• _WHAT NEEDS TO BE DONE_:
Scan the entries below and tally the lines that include "Merchant". Return nothing but the tally.

• _EXTRACTED INFORMATION_:
---+---
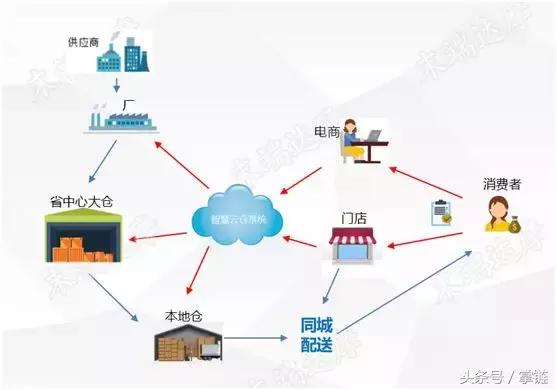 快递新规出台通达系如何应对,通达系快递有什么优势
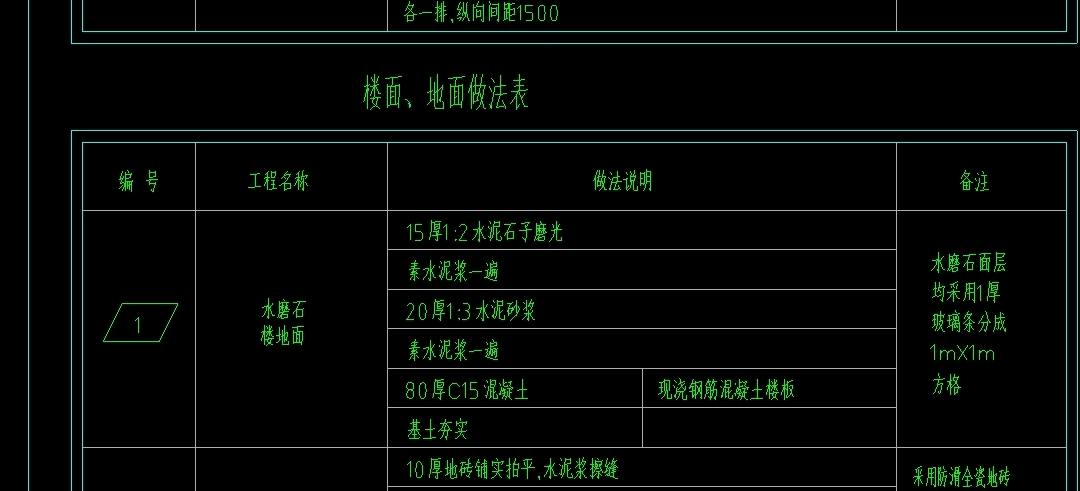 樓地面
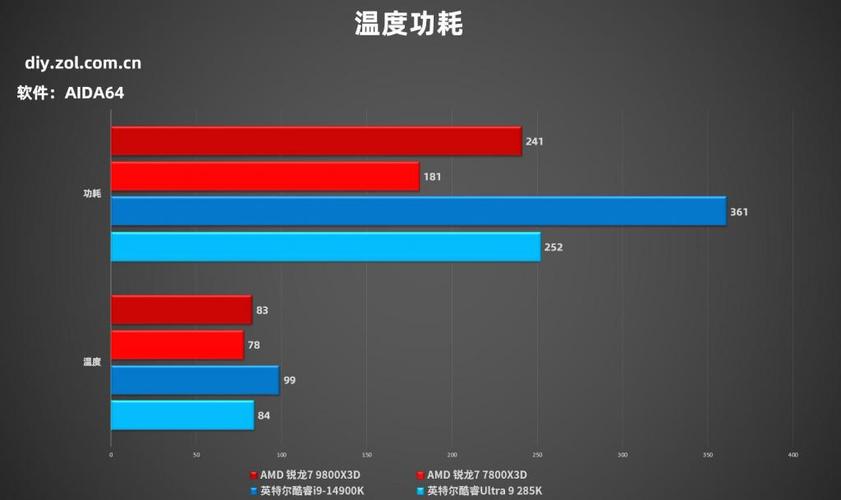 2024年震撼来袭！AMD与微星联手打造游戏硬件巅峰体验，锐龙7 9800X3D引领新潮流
---+---
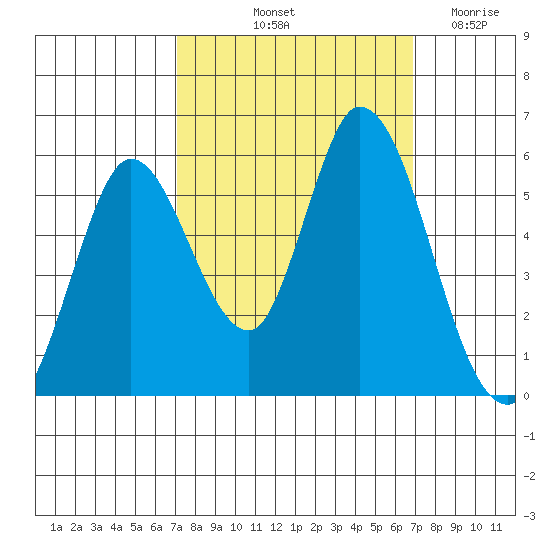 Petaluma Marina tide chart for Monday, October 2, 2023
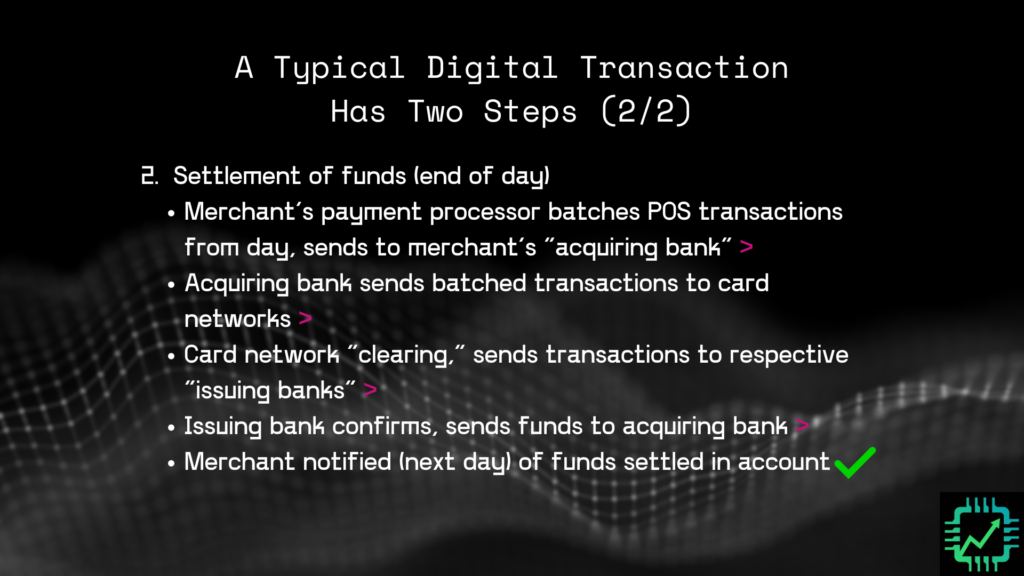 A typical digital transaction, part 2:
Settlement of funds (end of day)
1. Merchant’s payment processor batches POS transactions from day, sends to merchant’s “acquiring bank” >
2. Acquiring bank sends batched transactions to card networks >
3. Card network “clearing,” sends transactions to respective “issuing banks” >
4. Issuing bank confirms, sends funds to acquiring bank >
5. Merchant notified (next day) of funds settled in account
---+---
• _REPLY TO THE TASK_:
2